The grey pony was waiting. Cat unlatched the gate and pushed him gently away to let her pour the food into the metal holder. The hens scratched round his feet waiting for any grains that fell, though few ever did.

“Why you saddle yourself with all this I’ll never know. As if a husband and three children and half a general practice were not enough.”

“As if.”

She handed him the empty bucket and bolted the gate. Then she said, “There’s something else.”

He waited in silence, giving her no help. From the farmhouse she heard Felix let out a long wail, of rage rather than distress.


“We’re going to Australia. We’ve found a couple who will take over the practice and Derek will do locum. We’re going for six months. It—”

Richard Serrailler began to walk away from the gate so that she had to scurry to catch up with him.



She felt six years old again.

“Say something, for God’s sake, tell me what you think.”

“I think your children will run wild.”

“You know what I mean.”


“If it’s too soon … if you’d rather we didn’t go, of course we wouldn’t dream of it. Or maybe you could come with us.”

“I think not. I will have a busy winter. The journal continues. There will be a great deal of work for the lodge.”

“But you’ll be on your own. Of course you’ll be busy, of course you have friends, but you won’t have Mother or us. Family.”

“Oh, come,” he said, glancing at her slyly. “I shall have Simon.”


“Guv? The pub’s the Flaxen Maid, it’s on the Golby Road. Victim is male, twenty-two years old, stab wounds to the neck and chest. Ambulance on way. Uniform got here in ten, only they’d made off, natch— someone took the car reg though.”

“Be nicked. Is the place clear?”

“Yeah, everyone scarpered when it started up. Landlord is Terry Hutton. Says it was pretty quiet tonight.”

“Does he have any take on it?”

“Nah. Or if he has, he’s watching his back. My guess is it was someone who knew the bloke was in here, knew it was quiet, came in, picked a fight, got him to come outside … that was it.”

“The usual.
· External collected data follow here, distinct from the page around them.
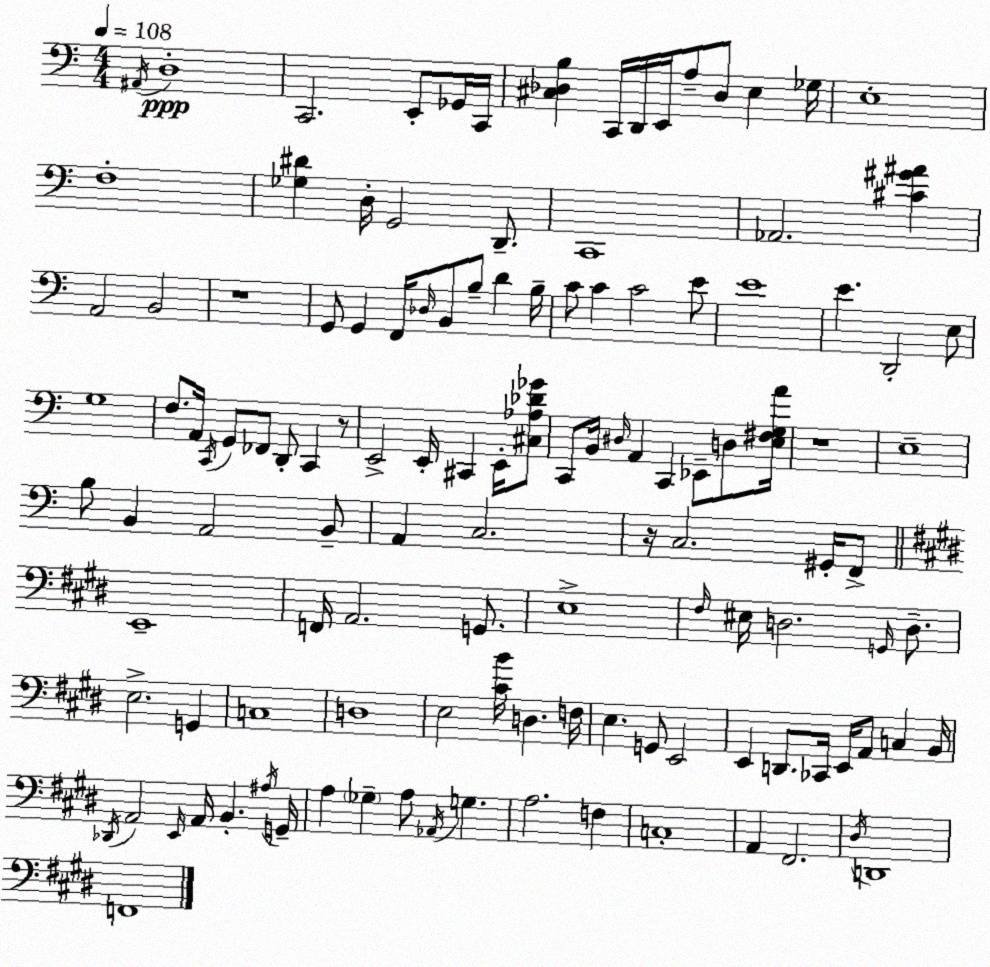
X:1
T:Untitled
M:4/4
L:1/4
K:Am
^A,,/4 D,4 C,,2 E,,/2 _G,,/4 C,,/4 [^C,_D,B,] C,,/4 D,,/4 E,,/4 A,/2 _D,/2 E, _G,/4 E,4 F,4 [_G,^D] D,/4 G,,2 D,,/2 C,,4 _A,,2 [^C^G^A] A,,2 B,,2 z4 G,,/2 G,, F,,/4 _D,/4 B,,/2 B,/2 D B,/4 C/2 C C2 E/2 E4 E D,,2 E,/2 G,4 F,/2 A,,/4 C,,/4 G,,/2 _F,,/2 D,,/2 C,, z/2 E,,2 E,,/4 ^C,, E,,/4 [^C,_A,_D_G]/2 C,,/2 B,,/4 ^D,/4 A,, C,, _E,,/2 D,/2 [E,^F,G,A]/4 z4 E,4 B,/2 B,, A,,2 B,,/2 A,, C,2 z/4 C,2 ^G,,/4 F,,/2 E,,4 F,,/4 A,,2 G,,/2 E,4 ^F,/4 ^E,/4 D,2 G,,/4 D,/2 E,2 G,, C,4 D,4 E,2 [^CB]/4 D, F,/4 E, G,,/2 E,,2 E,, D,,/2 _C,,/4 E,,/4 A,,/2 C, B,,/4 _D,,/4 A,,2 E,,/4 A,,/4 B,, ^A,/4 G,,/4 A, _G, A,/2 _A,,/4 G, A,2 F, C,4 A,, ^F,,2 ^D,/4 D,,4 F,,4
Check up, see if this Hutton knew who was drinking in his pub, whether they were local. House to house then. Witnesses outside? Forensics might get something if he was in a hurry. We’ll talk to the dead man’s family and friends in the morning. Have they been informed?”
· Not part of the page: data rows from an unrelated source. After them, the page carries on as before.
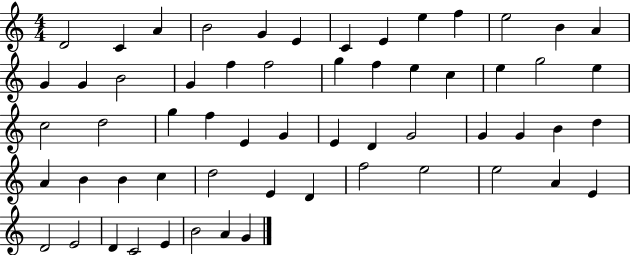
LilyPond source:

{
  \clef treble
  \numericTimeSignature
  \time 4/4
  \key c \major
  d'2 c'4 a'4 | b'2 g'4 e'4 | c'4 e'4 e''4 f''4 | e''2 b'4 a'4 | \break g'4 g'4 b'2 | g'4 f''4 f''2 | g''4 f''4 e''4 c''4 | e''4 g''2 e''4 | \break c''2 d''2 | g''4 f''4 e'4 g'4 | e'4 d'4 g'2 | g'4 g'4 b'4 d''4 | \break a'4 b'4 b'4 c''4 | d''2 e'4 d'4 | f''2 e''2 | e''2 a'4 e'4 | \break d'2 e'2 | d'4 c'2 e'4 | b'2 a'4 g'4 | \bar "|."
}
“Yes, and they’re taking his mother and brother to the hospital now.”

“Make sure there’s a trace on the car and pump the landlord again. Try and get some names. If he was a regular then who did he talk to, who did he drink with. We’ll pull anyone in tomorrow.”


Simon put the phone down. Another young man dead. Another fight over drugs or money or just possibly a woman and knives out. It was routine. Patient detective work would turn up the likely suspects, routine inquiries and a bit of luck would track them down and, between them, questioning and forensics might possibly score a hit. No, make that probably. It looked like that sort of case. One of police life’s less interesting. So what was “interesting”? he thought, clearing up a couple of mugs and a plate and taking them into the kitchen. The Ed Sleightholme case. Seven children, if not more than seven, abducted and murdered and their small bodies hidden on stone ledges at the back of caves. Interesting?

He loaded the china into the dishwasher.

An hour earlier, he had left his sister’s farmhouse, driving too fast, shaken at her news and unable to cope with it in the aftermath of the funeral.

“You’re making more of a song and dance than Dad did.”

“That figures.”

“For God’s sake, Si, it’s six months, we’re not emigrating. Get over it.”

Cat had been angry because she had been upset. It had come out in a rush and he had been too appalled to react calmly. He didn’t want to stay in alone. The stabbing at the Flaxen Maid pub didn’t warrant the overtime attention of a DCI even if he had wanted to work. Yet an absorbing job was the thing he needed.

His father came to his mind, dark suit, black tie, grey hair brushed back, basilisk-faced, cool and polite in his greetings to those who had gone back to the farmhouse. What had he felt and thought as he had stood next to his wife’s coffin with its single small circlet of white flowers?